Volkan Konak, 1967 yılında Trabzon’un Maçka ilçesinin Yeşilyurt  köyünde dünyaya geldi. Babası karayollarında işçi annesi ev hanımıdır. 5 ablası ve 1 abisi yani 7 kardeşin en küçüğüdür. Evli ve 1 kız 1 erkek 2 çocuk babası olan Volkan Konak İlk orta ve Lise Eğitimini Maçka‘da tamamladıktan sonra lise öğretmeni onu keşfetmiş ve İstanbul’a getirmiştir. 1983 yılında İstanbul Teknik Üniversitesi Türk Müziği Devlet Konservatuvarı’na girmiş, 1988 yılında Konservatuvarı bitirip 1991 yılında İstanbul Teknik Üniversitesi’nde Halk Müziği üzerine Sosyal Bilimler master eğitimini tamamladı. Sanat ve müzik hayatına 1987 yılında Maçka yöresinde yaptığı derleme çalışmalarını topladığı “Suların Horon Yeri” adlı müzik albümüyle başladı. Daha sonraları beste çalışmalarına başladı. 
Nazım Hikmet, Yaşar Miraç, Ömer Kayaoğlu, Sunay Akın gibi değerli şairlerin eserlerini besteleyerek müziğini, tarzını belirlemiş oldu. Beste müziğinin içerisine etnik motifleri katarak örneği olmayan kendine özgü bir tarz yaratmış oldu. daha sonra albüm çalışmaları, sahne çalışmaları ve böylece ardı arkası kesilmeyen müzik yaşantısına devam etti. 
1993 Efulim, 1994 Gelirmisin Benimle, 1996 Volkanik Parçalar, 1998 Pedaliza, 2000 Şimal Rüzgarı, 2003 Maranda, 2006 Mora, 2009 Mimoza, 2012 Lifor, 2015 Aleni Aleni 11 albümü olan Volkan Konak görünen o ki “Cerrahpaşa”, “Rüzgar”, “Yarim Yarim”, “Göklerde Kartal Gibiyim”, “Dertliyim Kederliyim” gibi birçok şarkısı gibi son çıkardığı albümdeki “Aleni Aleni” parçası ile de yine kendinden çok söz ettireceğe benziyor. 

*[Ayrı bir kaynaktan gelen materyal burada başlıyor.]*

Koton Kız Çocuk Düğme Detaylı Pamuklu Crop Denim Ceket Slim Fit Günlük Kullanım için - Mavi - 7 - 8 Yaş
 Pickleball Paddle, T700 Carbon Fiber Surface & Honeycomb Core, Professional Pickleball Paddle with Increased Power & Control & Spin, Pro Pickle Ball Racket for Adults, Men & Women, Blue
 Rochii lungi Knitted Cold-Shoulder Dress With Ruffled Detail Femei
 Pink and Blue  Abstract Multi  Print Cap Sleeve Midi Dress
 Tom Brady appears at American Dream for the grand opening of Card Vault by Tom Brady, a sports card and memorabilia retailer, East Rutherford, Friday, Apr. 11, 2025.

Müzik adamı yaptığı her şarkı ile insanların yüreğine taht kurmayı başarmış. O insanların sevgisini kazanmış büyük bir sanatçı ama gördüğüm kadarı ile oda aynı derecede insanları seviyor. Öyle koca yürek bir daha kolay kolay bulunamaz. Ülkemiz için büyük bir değer olan Volkan Konak sorularımı tereddütsüz cevapladı. 
Öyle sıcak, kibirsiz, sevgi ve aşk dolu bir yüreğe sahip ki, sevdaların adamının, mütevazi, nazik ve yürekli olduğu kadar kendini aşmışlığını gördüm. Ben bu hafta sayfama konuk olan Volkan Konak’a  hoş geldiniz diyor ve soruyorum. 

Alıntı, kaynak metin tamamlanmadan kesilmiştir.